Après les manifestations de mercredi et jeudi dans les rues du Togo, dernier épisode du bras de fer opposant le pouvoir et l’opposition, des voix commencent à se faire entendre pour appeler les deux camps au dialogue afin de trouver une solution consensuelle à la crise politique.
Il y avait du monde dans les rues de Lomé et de certaines villes de l’intérieur du pays les 21 et 22 septembre. Mais vraisemblablement moins que lors des manifestations des 29 août (côté pouvoir), 5 et 6 septembre (côté opposition). Alors que l’opposition appelle à de nouvelles manifestations pour les 26, 27 et 28 septembre, certains observateurs – et même des militants – commencent à se demander si la méthode de la rue est la bonne pour obtenir satisfaction.
Car, faut-il le rappeler, l’Assemblée nationale a voté le 19 septembre une proposition du gouvernement tendant à limiter désormais le mandat du président de la République à deux et instaurant un scrutin uninominal à deux tours pour l’élection présidentielle. Même si ces dispositions ont toujours été réclamées depuis une dizaine d’années par l’opposition, les leaders de la contestation estiment désormais qu’il faudrait revenir au texte originel de la Constitution de 1992, avec surtout l’alinéa 2 de l’article 5. Motif de la manœuvre : mettre Faure Gnassingbé hors jeu pour les prochaines élections présidentielles.
Boycott périlleux
Au Parlement, donc, l’opposition a adopté une stratégie de boycott laissant les députés de la majorité donner leur aval à un texte qui, bien que n’ayant pas été adopté (faute des 4/5e requis), pourra désormais être soumis à référendum. Au perchoir de l’Assemblée nationale lors de la révision constitutionnelle de 2002 (qui a notamment fait sauter le verrou de la limitation du mandat présidentiel), Fambaré Ouattara Natchaba est sorti cette semaine de son silence pour critiquer la stratégie de l’opposition.
L’ancien dauphin constitutionnel du président Eyadema rappelle que c’est précisément cette attitude de boycott qui a permis aux députés du parti au pouvoir (RPT à l’époque) de « toiletter » la texte fondamental de 1992. « C’était à la dernière réunion du Comité paritaire de suivi qui avait eu lieu le 1er mai 2002 au siège de l’Unesco à Paris. J’avais déclaré devant toutes les délégations de l’opposition et tous nos médiateurs que l’Assemblée serait dissoute conformément aux vœux de l’opposition, qu’on irait à des élections législatives anticipées.

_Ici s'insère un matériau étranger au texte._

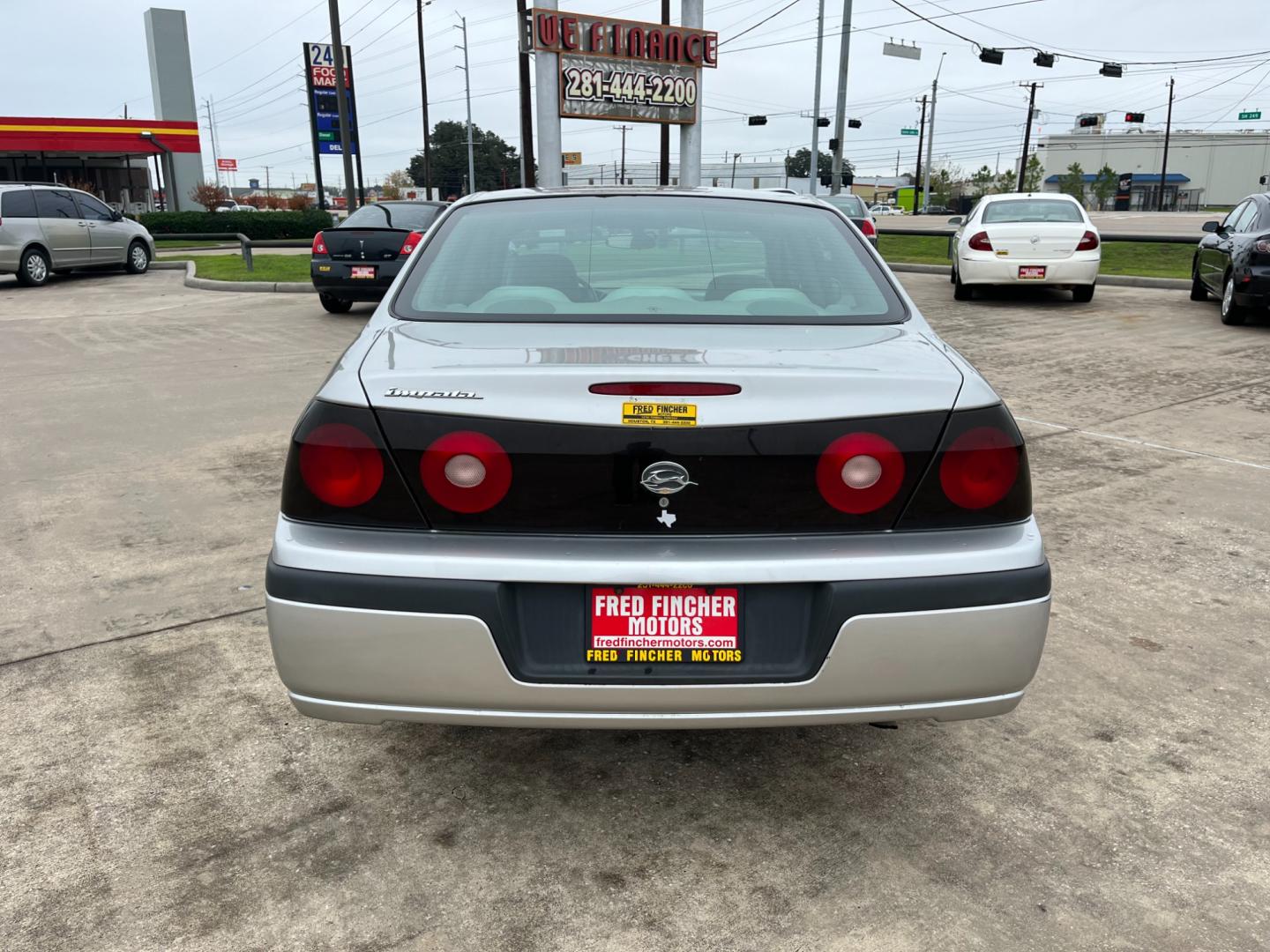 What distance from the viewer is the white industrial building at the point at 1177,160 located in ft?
325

Je leur ai ensuite dit : ‘Mais si vous ne participez pas, je vous avertis que le RPT sera majoritaire et si nous nous sommes majoritaires, nous allons changer la Constitution de 1992 pour sortir de ces ambiguïtés’ ». La suite, on la connait.
Pour Mohamed Madi Djabakate, du Centre pour la gouvernance démocratique et la prévention des crises (CGDPC), « le boycott du parlement ne sera pas productif. Mais tout porte à croire que l’opposition se retrouve piégée par sa propre stratégie. Les deux partis politiques dépositaires des manifestations comme solution à la crise politique togolaise (PNP-ANC) ne peuvent plus prendre le risque d’aller à un dialogue avec le pouvoir, car ils ont commis la maladresse de faire croire à leurs militants que le dialogue ne fait pas partie des moyens de leur combat ».
Piège du référendum
Si tout semble désormais en place pour un référendum, comme le dispose l’article 144 de la Constitution, les observateurs conseillent à l’opposition de ne pas s’engager sur une voie qui risque de lui être défavorable. En tête des manifestations de ces deux derniers jours du côté de l’opposition, Gerry Taama estime qu’il faut « devenir raisonnable et négocier car Unir (au pouvoir, ndlr), aujourd’hui, a besoin aussi des réformes ». « Si le référendum passe, l’opposition perd presque tout », reconnaît-il. Et tant qu’une nouvelle Constitution n’est pas adoptée, l’actuelle reste en vigueur…
Seule alternative désormais, un dialogue direct entre les différentes parties pour aboutir à une solution consensuelle. Faure Gnassingbé, dont « la neutralité peut être présumée », selon Mohamed Madi Djabakate, car n’ayant pas jusqu’ici pris la parole officiellement, pourrait « au nom de l’exécutif renvoyer un projet de réforme enrichi avec les amendements de l’opposition parlementaire au niveau de l’Assemblée nationale pour une nouvelle étude ». Le chef de l’État s’exprimera-t-il avant les prochaines manifestations de l’opposition ? Bien malin qui pourra répondre.